Built work of the 1920s includes a new entrance hall at Killerton, Devon in 1924 for Sir Francis Acland and, together with his wife, who did the astonishing plasterwork, a late Arts and Crafts work at Wardington Manor for Beaumont (Montie) Pease, (later 1st Baron Wardington) from 1917. In the 1930s he designed the 'Galleon Wing' extension to Said House, Chiswick Mall for Sir Nigel Playfair incorporating a huge curved plate-glass window for the first floor Drawing Room (the location for Series One of the BBC reality programme The Apprentice) and, presumably through his step-daughter Veronica Pease's father-in-law Lord Gainford (a former cabinet colleague of Sir Francis Acland, a cousin of Beaumont Pease and the first chairman of the BBC); the Children's Hour studio and Talk Studio 3A at Broadcasting House. For competition entries and other connections of his wife including Lord Grey and Sir Evelyn Wrench, Wells submitted some very advanced designs ahead of contemporary modernism for a range of projects through the 1910s and 20s, none of which was built. Beaumont Pease, as chairman of Lloyds Bank, also commissioned Wells for the bank's branch at Teddington, Middlesex.

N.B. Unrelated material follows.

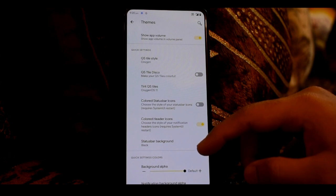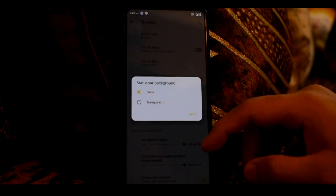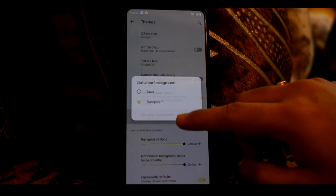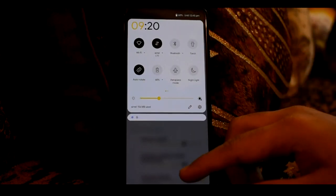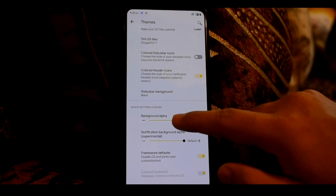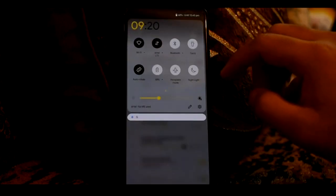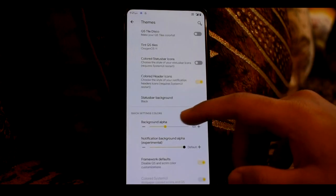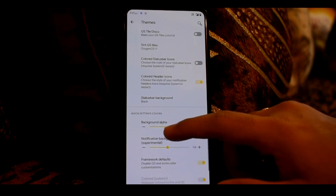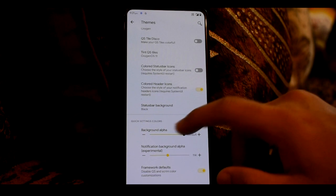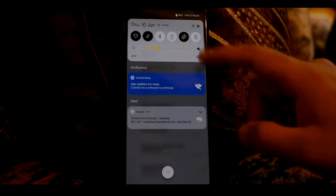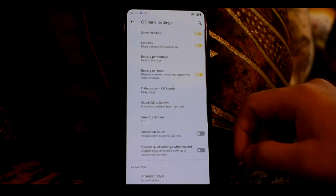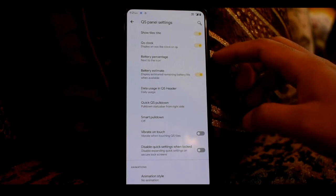Then you can see the status bar background option — if transparent, you can see the background, though in my personal opinion it does not look great. You can see the background alpha and notification background alpha. You can set the QS panel background to transparent or translucent, and the same option is available for the notification background. Lastly, you can see the media player option. If you want to show the status bar, go to QS panel settings where you can see the right options.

Towards the end of his career, Wells' St Wilfrid's Church at Halton, Leeds (1937–39), funded by his old client at Roker, John Priestman, again shows Arts and Crafts blended with an advanced modernism. Large expanses of clear glass within tall, stepped lancet windows allow light to flood high vaults and cast shadows on the plastered interior. He also furnished much of the interior.

Wells had one daughter, Crystal, known as Rosebud. She married in 1940 but was killed in a train accident a few weeks later. Wells and his wife, who was said to have lost her mind as a result of this tragedy, moved to a cottage on her daughter Lady Gainford's estate at Taynish, Argyllshire, where they died within weeks of each other in 1942.